What you need to produce from the material below is an exact transcription of the lines from the one with "Madeline | Cropped Quilted Puffer Jacket" through the one with "Amanti Art Abstract", both included, and no other line.

===== Information given =====

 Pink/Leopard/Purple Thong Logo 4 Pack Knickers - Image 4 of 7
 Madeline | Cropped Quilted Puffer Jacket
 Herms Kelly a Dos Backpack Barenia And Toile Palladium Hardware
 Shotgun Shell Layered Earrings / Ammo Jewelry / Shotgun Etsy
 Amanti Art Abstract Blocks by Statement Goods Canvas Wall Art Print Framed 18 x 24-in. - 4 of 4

=====
===== Information given =====

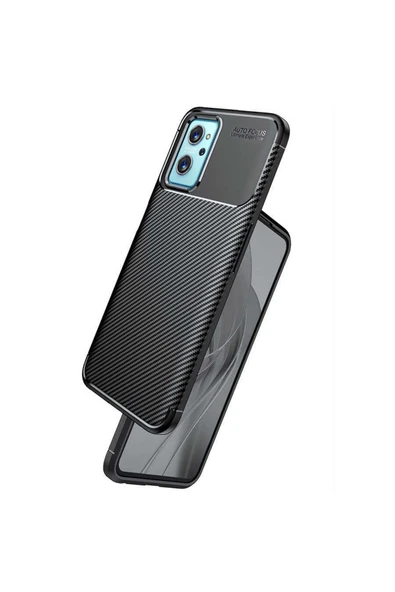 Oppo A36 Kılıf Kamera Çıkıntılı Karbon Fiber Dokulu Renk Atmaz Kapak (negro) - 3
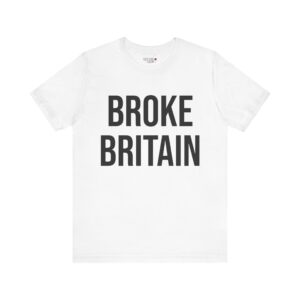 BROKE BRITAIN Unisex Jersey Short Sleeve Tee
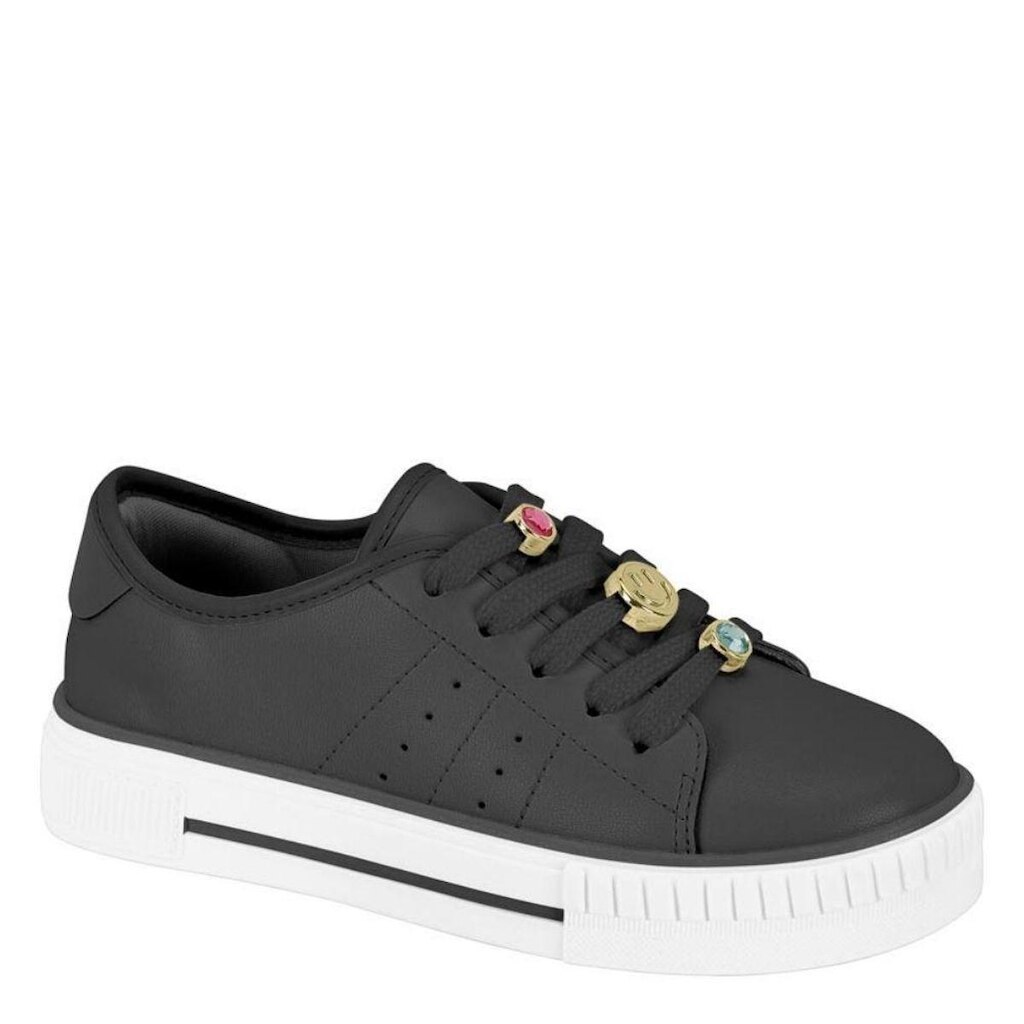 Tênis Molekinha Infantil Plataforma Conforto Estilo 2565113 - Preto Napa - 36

=====

* Finished exercise:
 Madeline | Cropped Quilted Puffer Jacket
 Herms Kelly a Dos Backpack Barenia And Toile Palladium Hardware
 Shotgun Shell Layered Earrings / Ammo Jewelry / Shotgun Etsy
 Amanti Art Abstract Blocks by Statement Goods Canvas Wall Art Print Framed 18 x 24-in. - 4 of 4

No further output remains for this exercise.